Lotsofswearwords · 05/09/2013 19:19

My lovely dh has always been a secretive bastard. Keeps all his papers, bank statements either in his office or under lock and key at home.
I tried snooping once and when I finally found the key to his filing cabinet I came across old love letters from his affair during his first marriage. I knew about her, but not about letters. No matter, you might be saying, its all in the past... But of course I'm not allowed same privilege, I have to get rid of such stuff! And being a very open person who doesn't hide things, I thought it better to chuck the lot. No regrets except anger at dh and his double standards.
Snooped today, actually on legit business, looking for online banking details of my and our joint accounts in the hope of being able to do this myself and not be forced to rely on dh. Same folder held details of an account worth about 15,000 pounds... Let me stress its not so much the money, its the secrecy and the actual lying to me that he has no spare cash. We put near equal amounts into joint account for utilities, he earns a lot more than me but pays maintence for dsd, school fees for dss... Any big expenditure we take out small loan together.
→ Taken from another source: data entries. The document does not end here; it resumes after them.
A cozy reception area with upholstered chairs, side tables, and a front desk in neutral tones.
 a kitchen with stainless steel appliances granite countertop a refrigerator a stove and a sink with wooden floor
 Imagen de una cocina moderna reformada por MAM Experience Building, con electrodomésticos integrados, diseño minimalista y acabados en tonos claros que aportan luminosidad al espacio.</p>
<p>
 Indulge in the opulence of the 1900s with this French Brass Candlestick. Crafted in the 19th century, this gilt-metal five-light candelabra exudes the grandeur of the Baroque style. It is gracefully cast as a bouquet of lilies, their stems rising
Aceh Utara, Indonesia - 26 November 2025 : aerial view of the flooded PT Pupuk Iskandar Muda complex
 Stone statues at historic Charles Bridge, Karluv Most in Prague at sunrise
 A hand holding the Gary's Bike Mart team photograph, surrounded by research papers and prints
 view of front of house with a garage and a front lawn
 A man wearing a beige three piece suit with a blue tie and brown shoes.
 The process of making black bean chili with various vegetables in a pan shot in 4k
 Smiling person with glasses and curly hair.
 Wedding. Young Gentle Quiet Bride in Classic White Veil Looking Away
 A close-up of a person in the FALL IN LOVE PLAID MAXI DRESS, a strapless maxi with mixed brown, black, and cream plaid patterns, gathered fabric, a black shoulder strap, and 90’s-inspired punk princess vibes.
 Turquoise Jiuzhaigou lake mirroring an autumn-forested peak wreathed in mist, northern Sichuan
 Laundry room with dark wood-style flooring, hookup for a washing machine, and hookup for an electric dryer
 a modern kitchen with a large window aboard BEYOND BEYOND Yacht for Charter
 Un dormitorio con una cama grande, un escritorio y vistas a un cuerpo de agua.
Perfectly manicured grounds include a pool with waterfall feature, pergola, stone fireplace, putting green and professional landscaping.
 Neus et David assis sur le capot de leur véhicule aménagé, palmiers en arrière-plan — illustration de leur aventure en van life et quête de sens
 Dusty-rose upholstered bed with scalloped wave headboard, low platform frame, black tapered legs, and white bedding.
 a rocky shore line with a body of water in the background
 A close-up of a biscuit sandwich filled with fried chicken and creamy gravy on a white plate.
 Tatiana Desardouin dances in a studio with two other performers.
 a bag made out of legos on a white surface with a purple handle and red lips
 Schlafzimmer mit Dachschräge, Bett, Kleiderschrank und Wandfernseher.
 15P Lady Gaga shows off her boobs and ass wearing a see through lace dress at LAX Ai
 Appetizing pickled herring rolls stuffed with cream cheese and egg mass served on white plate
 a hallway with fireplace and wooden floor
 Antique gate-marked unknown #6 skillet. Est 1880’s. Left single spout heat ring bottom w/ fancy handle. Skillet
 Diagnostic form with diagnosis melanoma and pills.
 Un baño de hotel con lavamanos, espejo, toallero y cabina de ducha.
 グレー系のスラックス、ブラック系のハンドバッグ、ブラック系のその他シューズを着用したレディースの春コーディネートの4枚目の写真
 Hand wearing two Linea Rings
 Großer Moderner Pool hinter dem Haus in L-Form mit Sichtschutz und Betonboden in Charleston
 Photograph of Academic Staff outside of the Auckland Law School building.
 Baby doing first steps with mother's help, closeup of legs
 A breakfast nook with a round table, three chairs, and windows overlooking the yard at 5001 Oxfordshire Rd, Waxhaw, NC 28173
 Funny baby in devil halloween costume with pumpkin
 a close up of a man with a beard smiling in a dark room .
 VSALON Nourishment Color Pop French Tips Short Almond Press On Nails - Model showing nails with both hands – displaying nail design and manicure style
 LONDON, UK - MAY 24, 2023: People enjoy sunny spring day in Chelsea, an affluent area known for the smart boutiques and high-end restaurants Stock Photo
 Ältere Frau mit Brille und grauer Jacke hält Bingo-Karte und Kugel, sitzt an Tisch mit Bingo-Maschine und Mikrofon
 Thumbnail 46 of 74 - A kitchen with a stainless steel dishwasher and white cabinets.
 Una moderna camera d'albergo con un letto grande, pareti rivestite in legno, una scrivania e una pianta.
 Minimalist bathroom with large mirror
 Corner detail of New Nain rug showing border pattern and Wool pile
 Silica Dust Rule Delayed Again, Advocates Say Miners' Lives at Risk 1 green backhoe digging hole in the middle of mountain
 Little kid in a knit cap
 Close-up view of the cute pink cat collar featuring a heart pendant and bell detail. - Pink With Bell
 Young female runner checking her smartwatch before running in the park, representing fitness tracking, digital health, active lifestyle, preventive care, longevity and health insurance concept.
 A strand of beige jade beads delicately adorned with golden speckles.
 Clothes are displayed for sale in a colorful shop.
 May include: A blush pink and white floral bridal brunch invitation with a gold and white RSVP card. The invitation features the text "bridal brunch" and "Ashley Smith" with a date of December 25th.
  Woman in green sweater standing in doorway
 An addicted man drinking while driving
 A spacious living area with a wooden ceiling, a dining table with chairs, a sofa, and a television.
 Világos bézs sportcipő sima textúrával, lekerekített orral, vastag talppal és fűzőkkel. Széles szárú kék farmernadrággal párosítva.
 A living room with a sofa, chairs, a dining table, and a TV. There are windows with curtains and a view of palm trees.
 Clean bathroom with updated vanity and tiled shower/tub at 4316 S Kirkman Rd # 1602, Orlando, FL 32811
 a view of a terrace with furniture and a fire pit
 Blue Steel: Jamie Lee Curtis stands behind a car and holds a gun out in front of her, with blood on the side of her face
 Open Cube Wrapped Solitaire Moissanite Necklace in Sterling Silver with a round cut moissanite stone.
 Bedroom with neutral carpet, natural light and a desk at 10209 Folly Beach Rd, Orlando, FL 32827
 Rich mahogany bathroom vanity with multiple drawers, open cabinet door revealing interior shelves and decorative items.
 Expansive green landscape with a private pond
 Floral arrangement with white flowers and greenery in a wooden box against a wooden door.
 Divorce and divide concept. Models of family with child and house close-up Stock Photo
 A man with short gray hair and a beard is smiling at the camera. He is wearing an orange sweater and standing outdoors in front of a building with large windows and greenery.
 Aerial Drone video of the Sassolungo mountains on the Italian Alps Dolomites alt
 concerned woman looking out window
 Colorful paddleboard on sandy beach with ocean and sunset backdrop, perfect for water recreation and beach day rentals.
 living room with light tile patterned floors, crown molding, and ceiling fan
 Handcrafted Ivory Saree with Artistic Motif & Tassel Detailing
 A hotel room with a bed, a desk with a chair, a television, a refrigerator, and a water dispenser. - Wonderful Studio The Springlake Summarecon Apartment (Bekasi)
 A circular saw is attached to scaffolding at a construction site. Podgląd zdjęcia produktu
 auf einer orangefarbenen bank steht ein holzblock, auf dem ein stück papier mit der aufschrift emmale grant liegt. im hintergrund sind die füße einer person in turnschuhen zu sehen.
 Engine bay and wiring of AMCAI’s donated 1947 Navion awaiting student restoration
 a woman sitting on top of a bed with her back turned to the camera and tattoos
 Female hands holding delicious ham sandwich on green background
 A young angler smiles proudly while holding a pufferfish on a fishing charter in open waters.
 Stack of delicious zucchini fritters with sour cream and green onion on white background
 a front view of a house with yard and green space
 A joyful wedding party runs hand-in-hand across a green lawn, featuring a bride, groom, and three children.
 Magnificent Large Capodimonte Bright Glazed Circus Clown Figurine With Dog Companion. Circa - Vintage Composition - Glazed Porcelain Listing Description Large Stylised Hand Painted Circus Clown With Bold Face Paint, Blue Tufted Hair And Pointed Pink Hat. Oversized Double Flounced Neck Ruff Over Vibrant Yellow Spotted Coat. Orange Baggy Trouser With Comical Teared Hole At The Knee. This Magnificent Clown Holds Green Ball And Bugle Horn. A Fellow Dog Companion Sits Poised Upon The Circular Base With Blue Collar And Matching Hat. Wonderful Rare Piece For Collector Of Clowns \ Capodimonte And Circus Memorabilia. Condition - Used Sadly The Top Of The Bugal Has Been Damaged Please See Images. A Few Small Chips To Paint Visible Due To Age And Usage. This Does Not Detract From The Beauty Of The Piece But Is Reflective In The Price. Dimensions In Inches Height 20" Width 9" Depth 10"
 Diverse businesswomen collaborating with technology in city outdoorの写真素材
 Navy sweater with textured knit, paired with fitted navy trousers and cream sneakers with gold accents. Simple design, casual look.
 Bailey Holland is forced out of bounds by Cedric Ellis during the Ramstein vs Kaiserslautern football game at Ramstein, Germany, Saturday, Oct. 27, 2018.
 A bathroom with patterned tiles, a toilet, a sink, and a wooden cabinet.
I don't have a problem with this, I have own ds and even though I still feel like lp raising him, I'm capable and earn a wage.
Please tell me I'm being unreasonable in my anger, that its actually the done thing for married partners to keep loads of money secret.
Sorry for ranting.
When he takes me on trips he pretends to be generous by "paying for everything", but woe betide me if I don't chip in for eating out, entrance fees, etc. I've always been happy to do this, I've never ever been spoiled in my life, its in my nature to pay my way. But now I feel sick, all the time he has been pretending to be hard done by after divorce, high child support costs, etc. and there he is with a small fortune stashed away.
Btw, I'll be getting paid out a slightly lesser amount from an insurance in a few years. Yet dh knows all about this, I was offering to pay for a second bathroom in our house, just to show what's mine is yours!!! I feel such a fool.
Dh is coming home after a week long business trip tomorrow, at least that's what I'm lead to believe... Should I confront him or play dead?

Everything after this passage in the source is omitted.